[Work task]:
Write out every entry, unchanged. Skip any picture.

[Given data]:
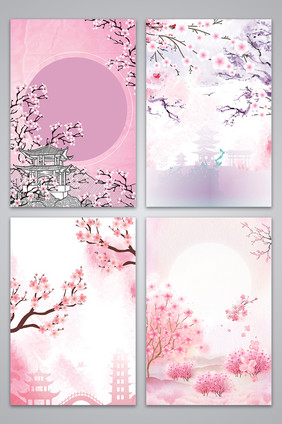 春游樱花节背景图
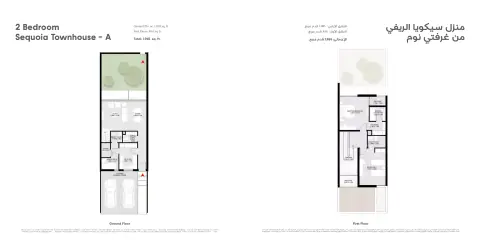 Sequoia: Floor plan Type A, 1,965 sq ft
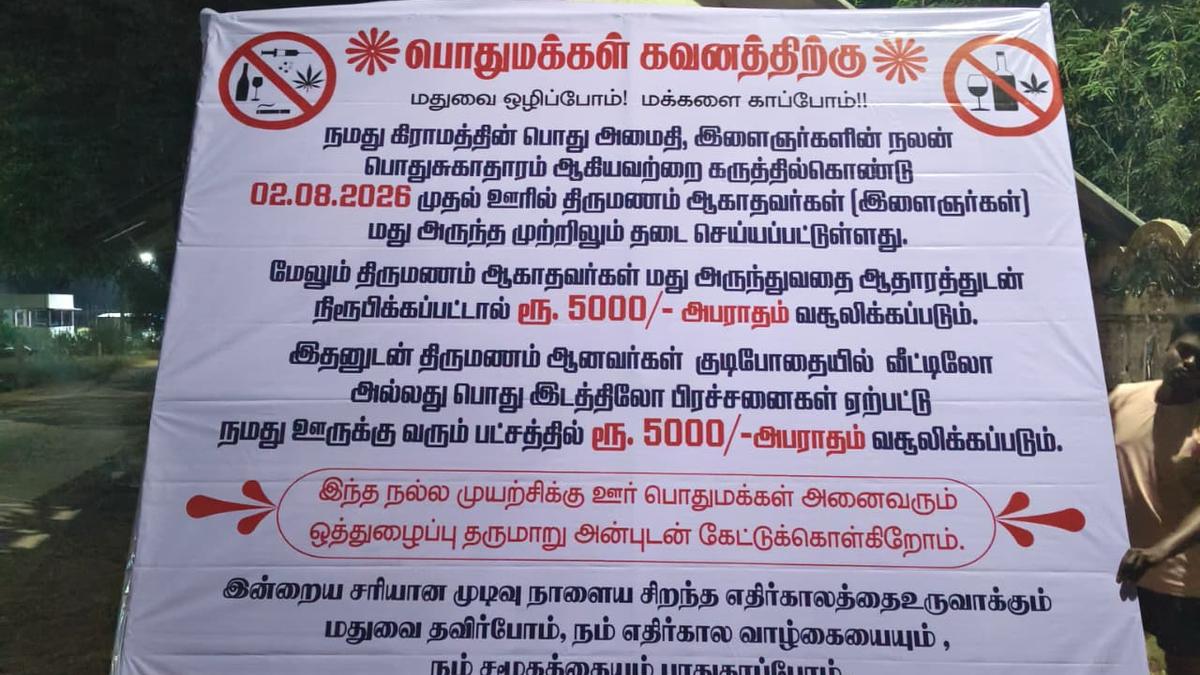 Fishing community in Nagapattinam village bars its youth from drinking alcohol
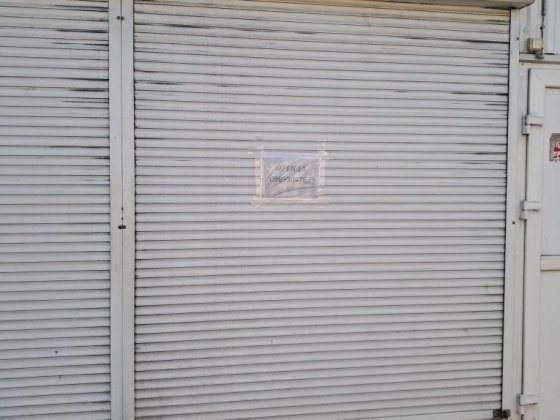 Терміново!!!Оренда ракушки, рн західний,привході Винница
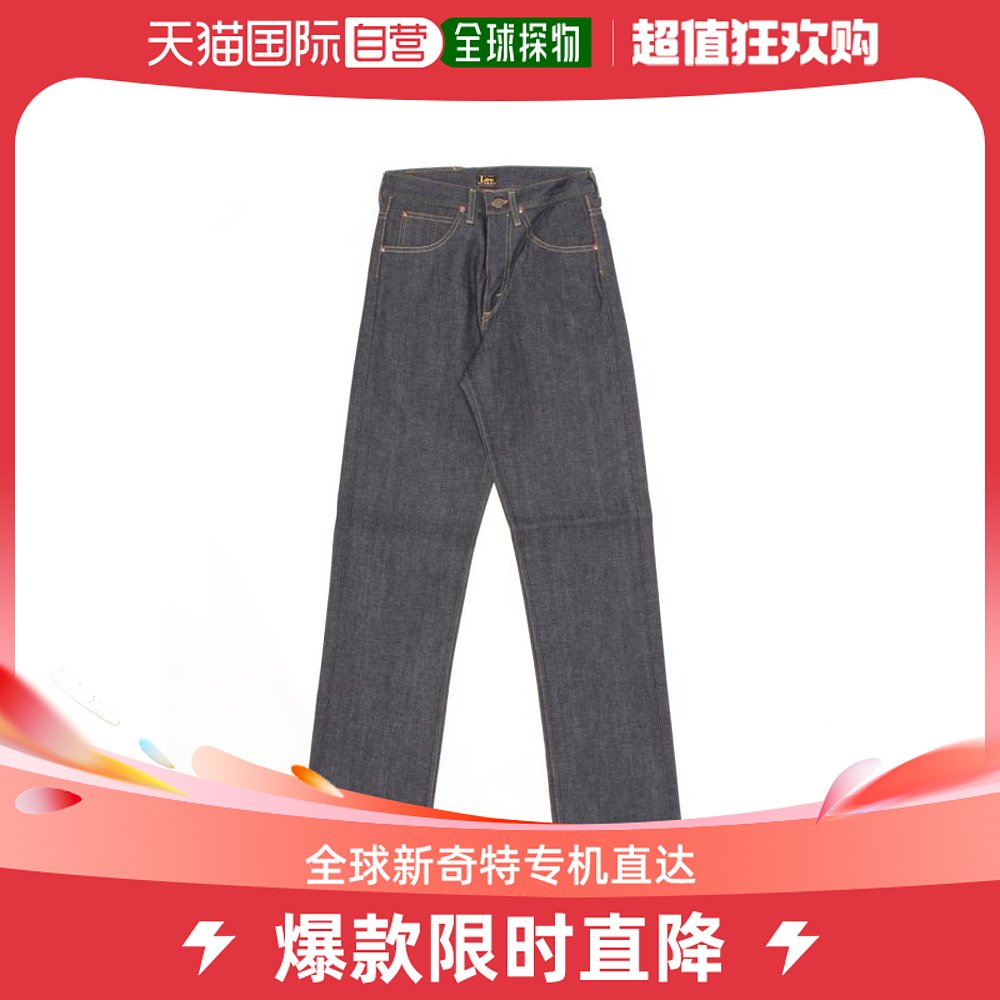 日本直邮Lee男士RIDERS 101-Z 1954款牛仔裤 纯棉面料 舒适透气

[Output for this task]:
 春游樱花节背景图
 Sequoia: Floor plan Type A, 1,965 sq ft
 Fishing community in Nagapattinam village bars its youth from drinking alcohol
 Терміново!!!Оренда ракушки, рн західний,привході Винница
 日本直邮Lee男士RIDERS 101-Z 1954款牛仔裤 纯棉面料 舒适透气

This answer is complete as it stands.